First, some good news. This algorithm was specifically design with LLMs in mind, so we can mostly use terminology that we are familiar more with.
Next, let's look at with respect to what we are doing the expectation to: Questions $q$ are taken from some dataset $P(Q)$ and we generate $G$ responses by our current model. Okay, that's manageable. So what's inside the expectation then?
Well, it's basically just a term that contains PPO as well as another KL divergence as a penalty.
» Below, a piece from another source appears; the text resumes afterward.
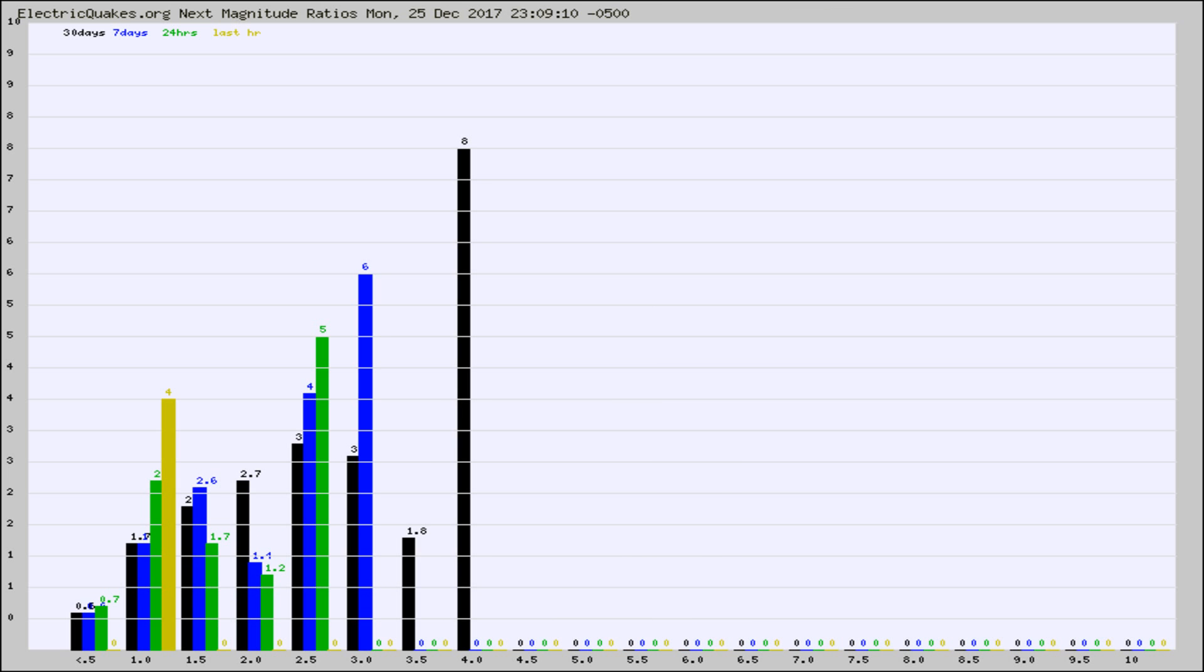And now you're seeing the same thing for just the subset area in California. Again, the black column is 30 days, blue is 7, green is 24 hours, and gold is in the last hour.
Let's zoom in on that first term to understand what's going on.
$\frac{1}{G} \sum_{i=1}^G \left( \frac{1}{|o_i|} \sum_{t=1}^{|o_i|}
\min \left( r_{i,t} \hat{A}_{i,t}, \text{clip}(r_{i,t}, 1 - \epsilon, 1 + \epsilon) \hat{A}_{i,t} \right) \right)$
Well, the outermost average is just averaging over the group of responses that we have generated to our question. Remember, we did generate $G$ outputs, so that definitely makes sense. So why another inner loop where we average? Well, remember that each output consists of multiple tokens and PPO works on tokens, so naturally we need to do PPO for each token and take the average. Wow, that was way simpler than it looked like.
"Now why is the KL term here again? I thought we eliminated it when going from TRPO to PPO" you may ask. Well, the reason for that is that we are fine-tuning a base model that is really big. This base model has been trained on a lot of data in the order of magnitude of trillions of tokens. We have put a lot of compute into learning meaningful representations and we want to avoid forgetting them by changing our model a lot through fine-tuning it. Hence, we add another KL term as a penalty to constrain how much our model can change. Pretty reasonable, don't you think?^[Before you ask: yes, we also do this when fine-tuning LLMs via PPO. I will add a chapter on how to do RLHF via PPO soon™.]
Okay, so what do we gain from all of this? Well, the gain comes in how we estimate $\hat{A}_{i, t}$. We just score each output with a scalar reward by an outcome reward model (another LLM) and normalize the rewards with respect to the group of outputs we sampled. That way, we eliminate the need of keeping another LLM in memory for each PPO iteration.
![[ppo vs grpo.png]]^[https://arxiv.org/pdf/2402.03300]
I hope you enjoyed this blog post. I learned a lot creating this and I hope that you can take something away from it too.
# To Be Done
- explain figure comparing PPO and GRPO
- add chapter on how PPO is used for finetuning LLMs (RLHF).
- add algorithms in pseudocode for PPO and GRPO?
- talk about some of the implementation details of GRPO?